The system being tested is a 15 drive raidz3 setup with 4TB drives running kernel 3.13.2 (non-hardened for testing).
The encryption algorithm
I was previously using cbc-essiv, this causes I found (via a simple scrub test) that it caused my performance to be about 10% lower then xts-plain64.
cbc-essiv was slow because it needed to read the previous block in order to write the current one.
I chose xts-plain64 even though there are known attacks against it.

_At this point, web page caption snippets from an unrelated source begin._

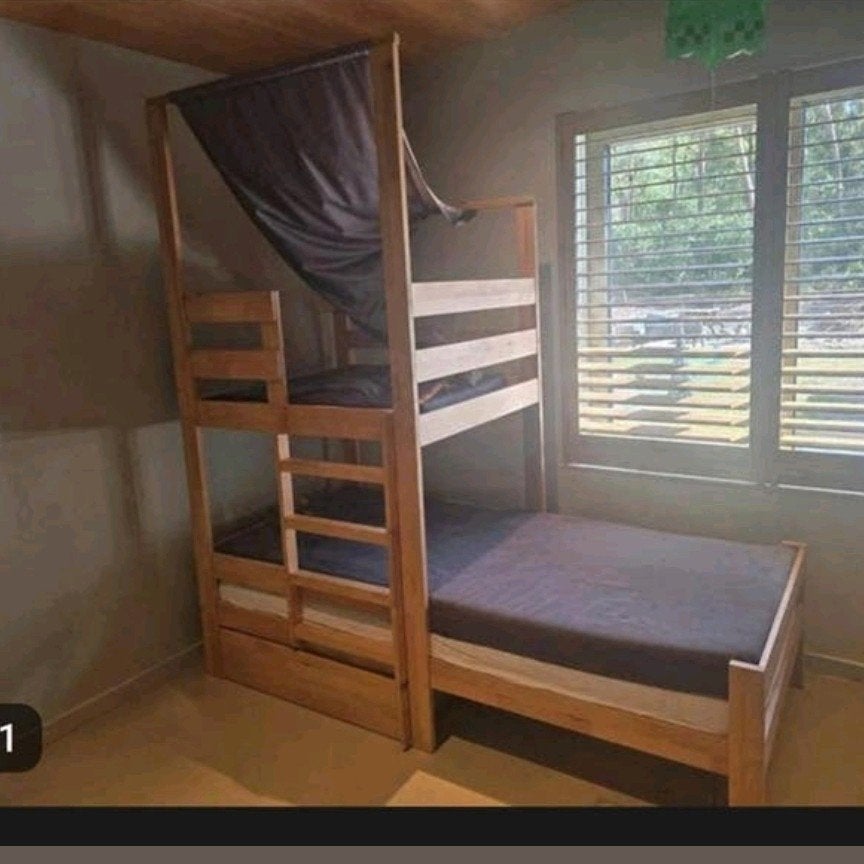 Gratis stapelbed met speelhuisje en opbergruimte, Ophalen, Gebruikt, 90 cm, Eenpersoons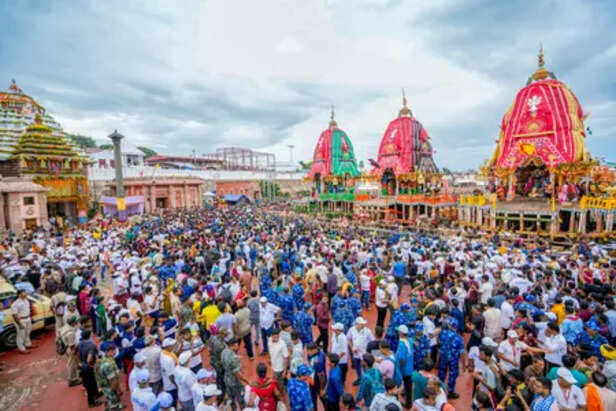 Bhubaneswar, Nov 30 (IANS) Trouble mounted for social media influencer Subhankar Mishra, as a senior servitor of the 12th-century Jagannath Temple, Puri, on Sunday filed a police complaint, accusing him of hurting the sentiments of Lord Jagannaths devotees.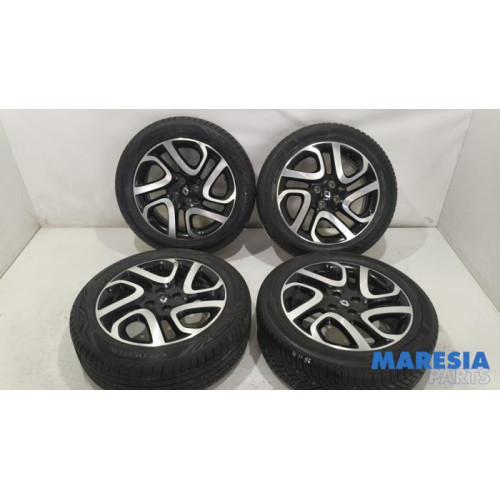 Renault - Captur - Sportvelgenset + banden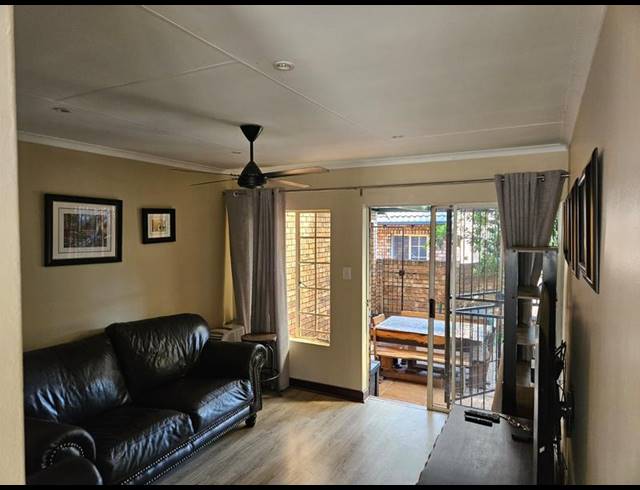 2 BEDROOM TOWNHOUSE FOR SALE IN ROOIHUISKRAAL NORTH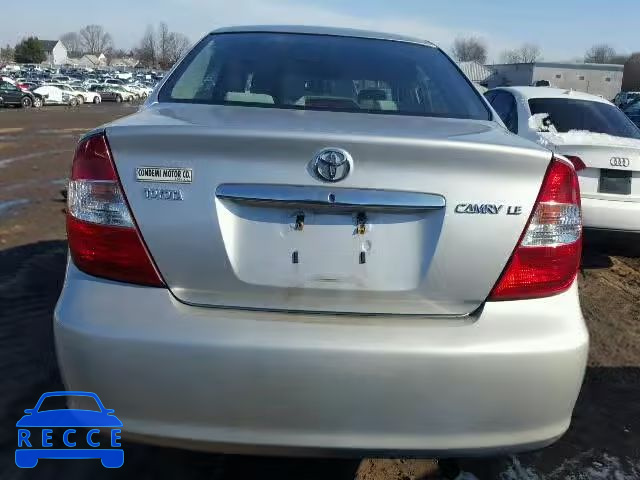 2004 TOYOTA CAMRY LE/X 4T1BE32K04U794261 Bild 8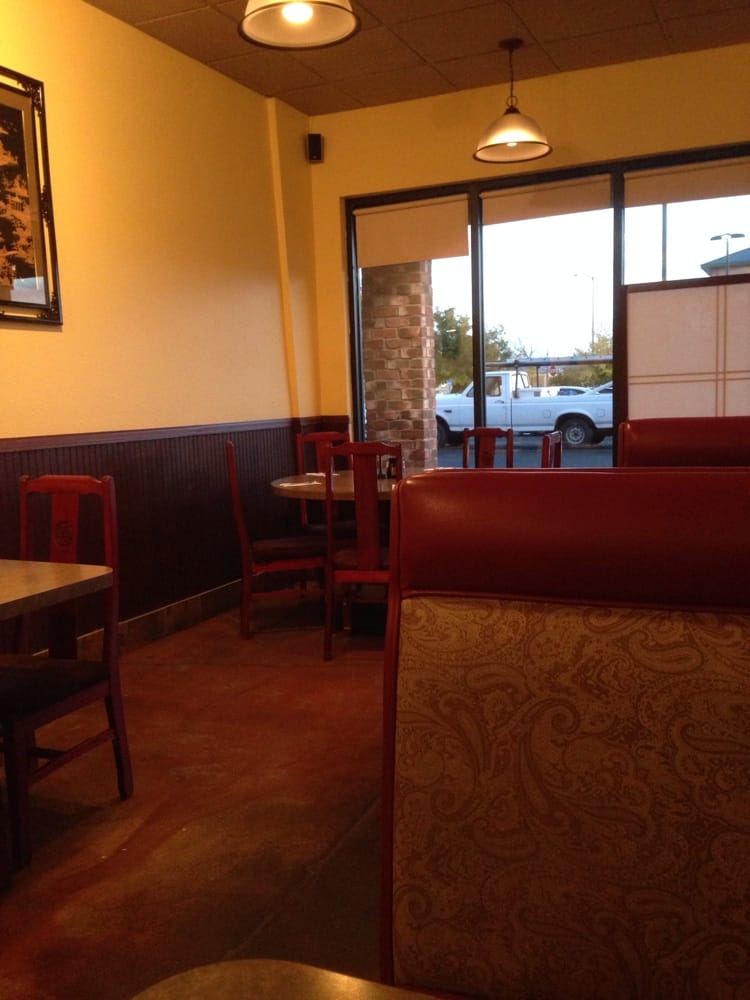 eC’s Asian Station 25 Photos & 34 Reviews Chinese 200 W Grand Ave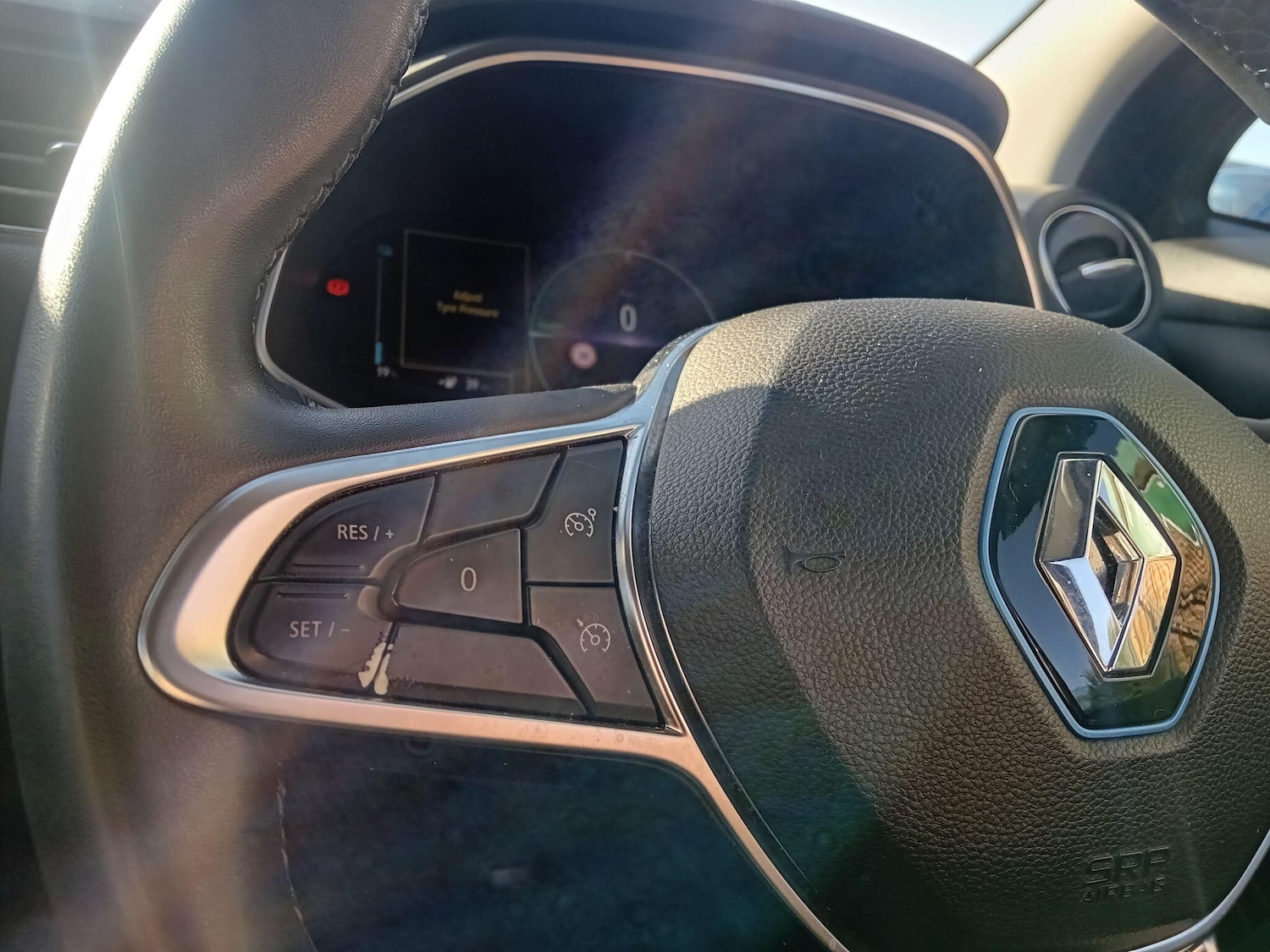 Used Renault Zoe 2020 for sale - 76936575: Photo 18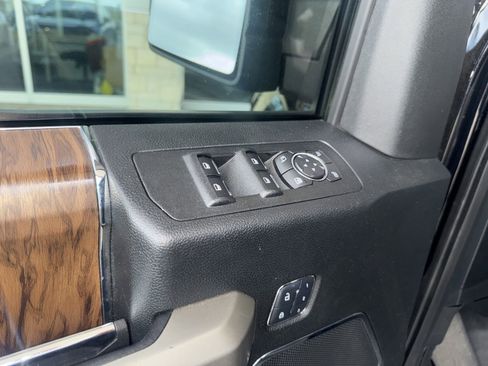 Used 2018 Ford F150 Lariat w/ Equipment Group 502A Luxury AWD/4WD image 8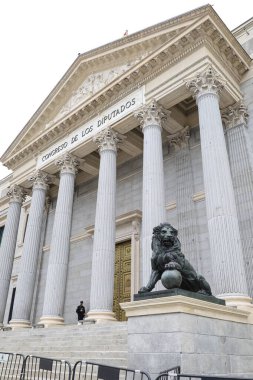 Madrid, İspanya - 8 Nisan 2024: Madrid şehir merkezindeki Palacio de las Cortes olarak da bilinen Milletvekilleri Kongresi girişinde bronz aslanlar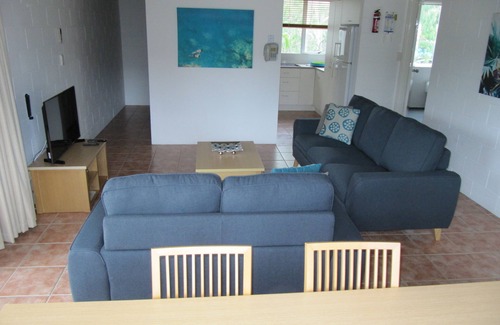 Nelly Bay Apartment | Island Palms Resort
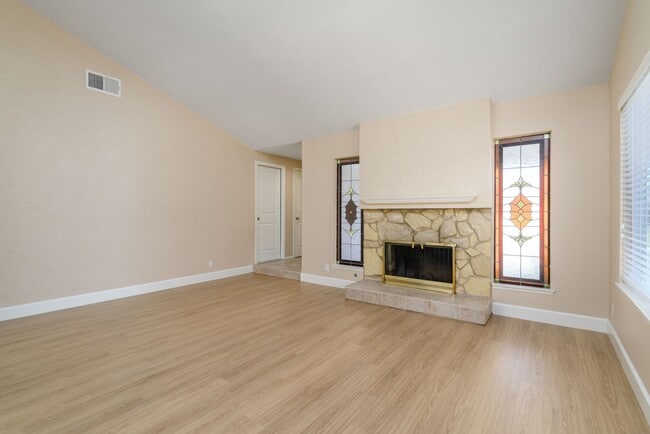 Photo - Beautiful Newbury Park 3 Bedroom 2 Bath Home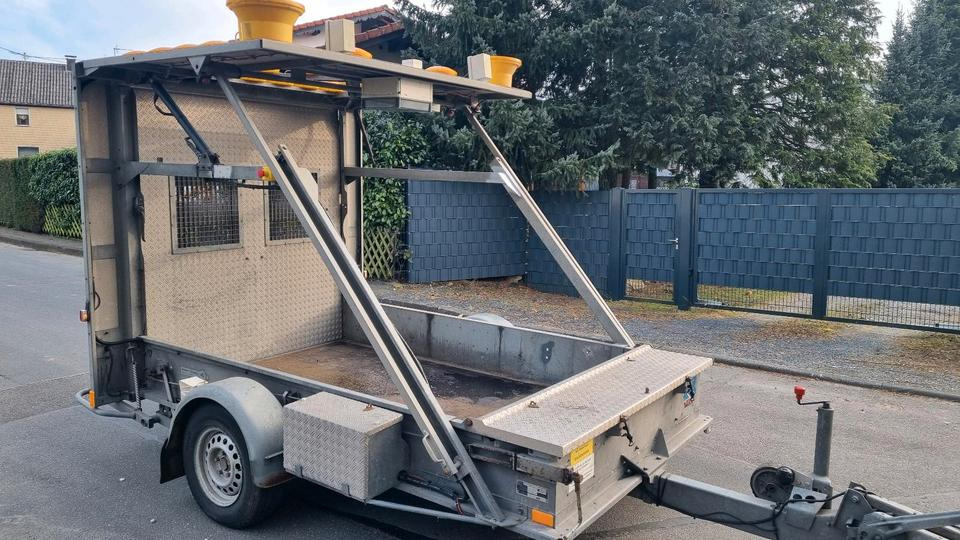 Mersch Nissen LED Absperrtafel VZ616 Verkehrssicherung Vorwarner Vorwarntafel Verkehrsleittafel Verkehrsleitanhänger Verkehrssicherungsanhänger Sperrwand Sperrtafel - Remolque: foto 1 Mersch Nissen LED Absperrtafel VZ616 Verkehrssicherung Vorwarner Vorwarntafel Verkehrsleittafel Verkehrsleitanhänger Verkehrssicherungsanhänger Sperrwand Sperrtafel - Remolque: foto 1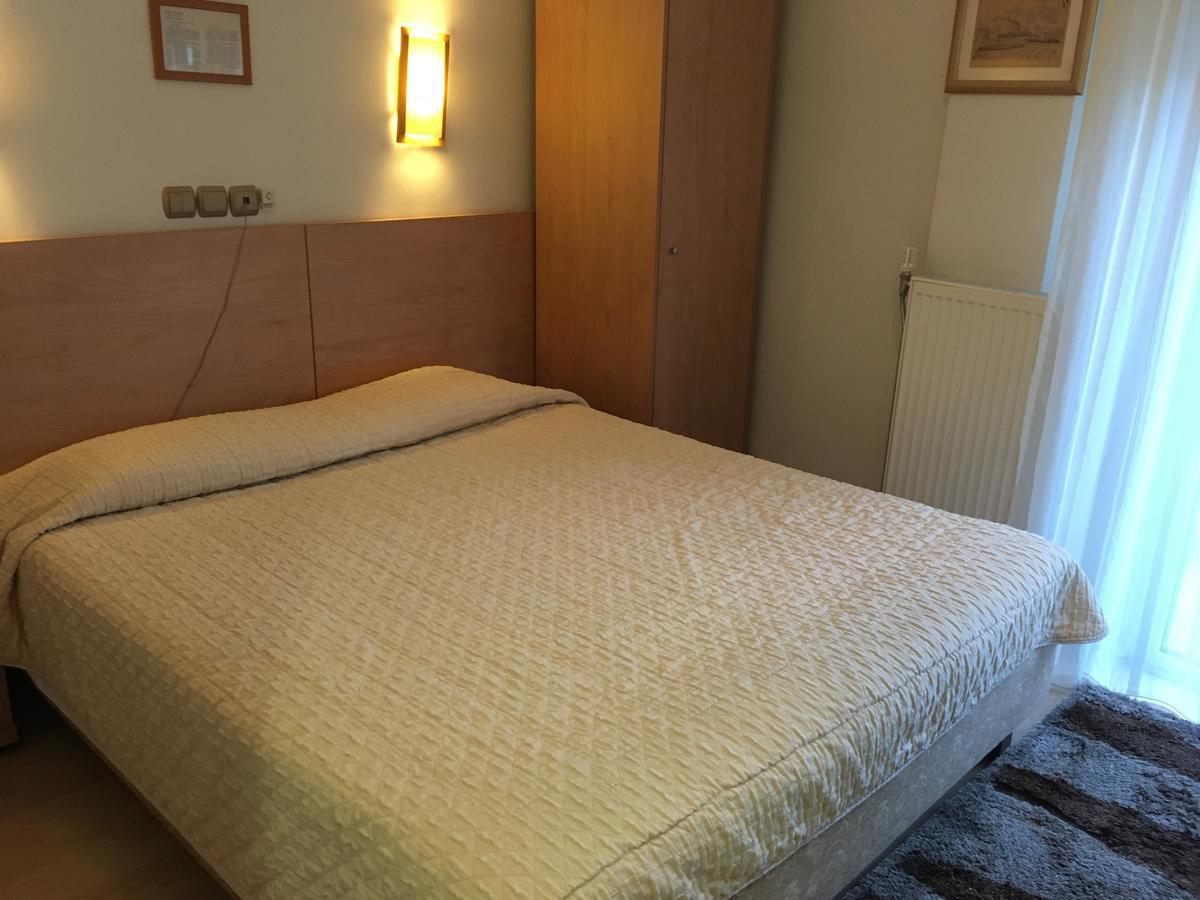 קסטוריה Hotel Orestion מראה חיצוני תמונה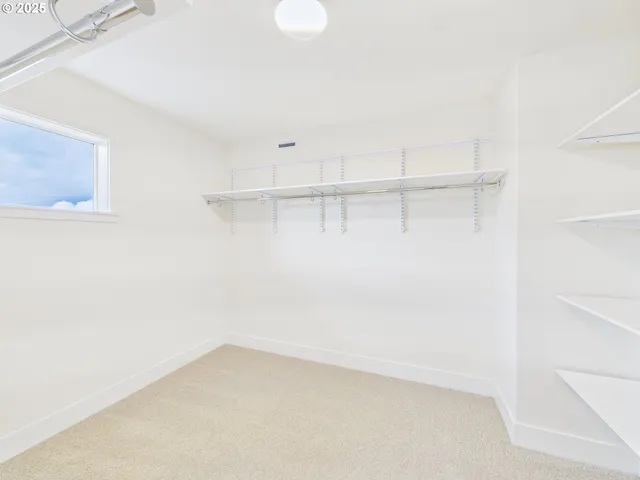 $1,149,900 | 1125 North 44th Place, Ridgefield, WA 98642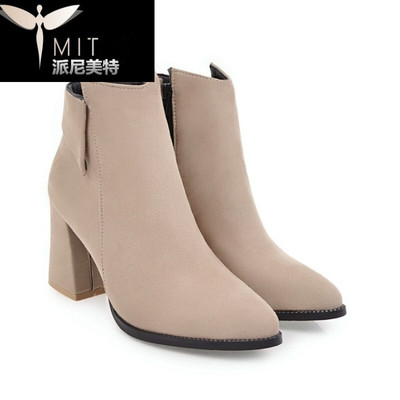 17新款跨境粗跟尖頭短靴：派尼美特女靴的時(shí)尚與實(shí)用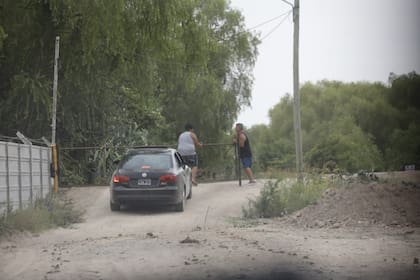 Tranquera con candado en una calle pública de Berisso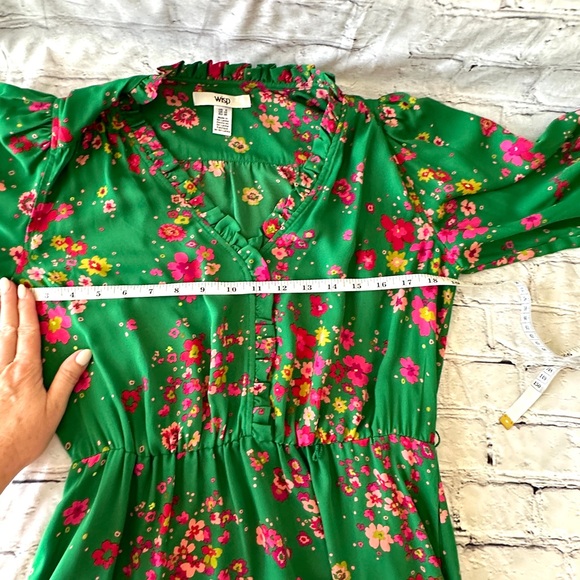 Wisp Green Floral Dresss - Picture 12 of 15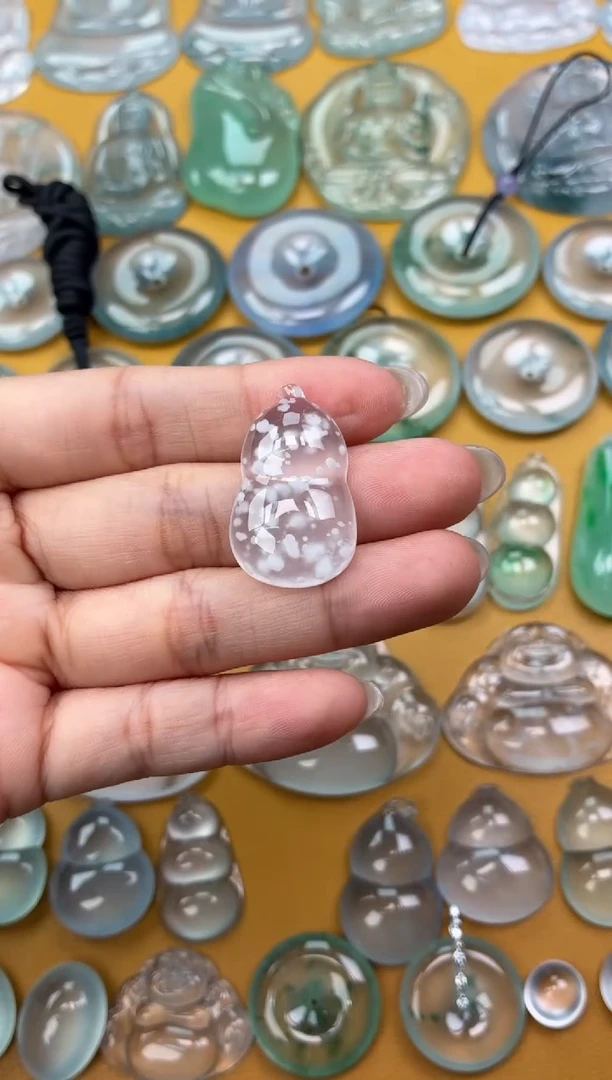 吊坠(不含链)未镶嵌翡翠76 葫芦 30 18.4 6.5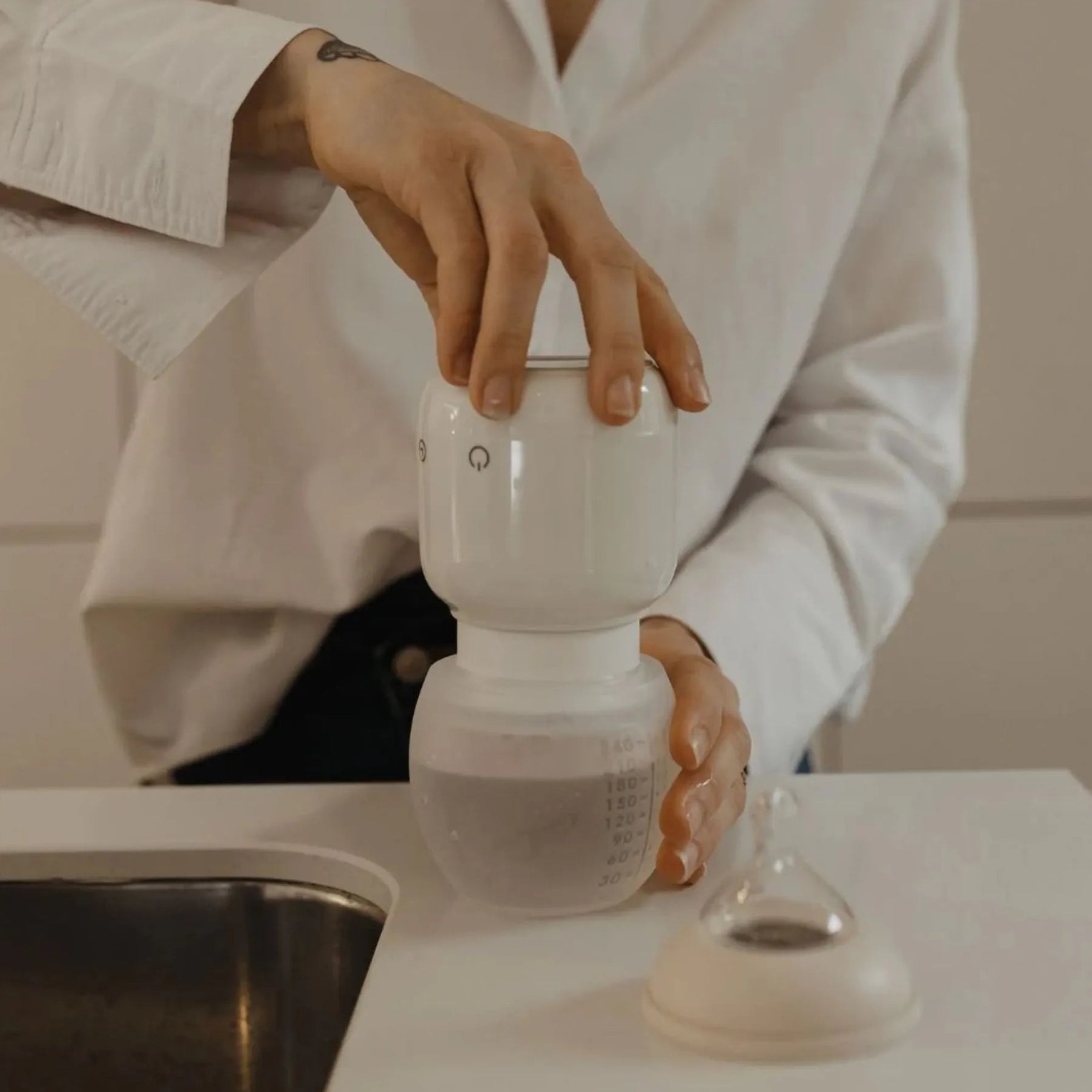Elhée TooGo Bottle Warmer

XTS mode is susceptible to data manipulation and tampering, and applications must employ measures to detect modifications of data if manipulation and tampering is a concern: "...since there are no authentication tags then any ciphertext (original or modified by attacker) will be decrypted as some plaintext and there is no built-in mechanism to detect alterations. The best that can be done is to ensure that any alteration of the ciphertext will completely randomize the plaintext, and rely on the application that uses this transform to include sufficient redundancy in its plaintext to detect and discard such random plaintexts." The mode is also susceptible to traffic analysis, replay, and sector randomization attacks.
- I believe that the auth tag is double verified by both luks checksuming and zfs checksuming.
- I am not sure about the other issues (traffic analysis, replay, and sector randomization attacks).
- I do not currently consider myself up against state actors.
Setting the Elevator
I unknowningly was using cfq, this caused more load spikes, longer scrub times and higher load in general.
ZFSonLinux does set the elevator to NOOP if it is put directly on a hard disk but using LUKS interferes with this.
Here is the results of me testing via scrubs (done only once, fresh boot each time, but good enough for me...).
|Elevator||Scrub Time||Average Load15||Link to load|
|NOOP||10h42m||5.1 (ish)||NOOP Graph|
|CFQ||11h47m||6.5 (ish)||CFQ Graph|
By changing all drives to xts-plain64 and the elevators to noop my scrubs went from 360MB/s to 450MB/s (a 20% gain).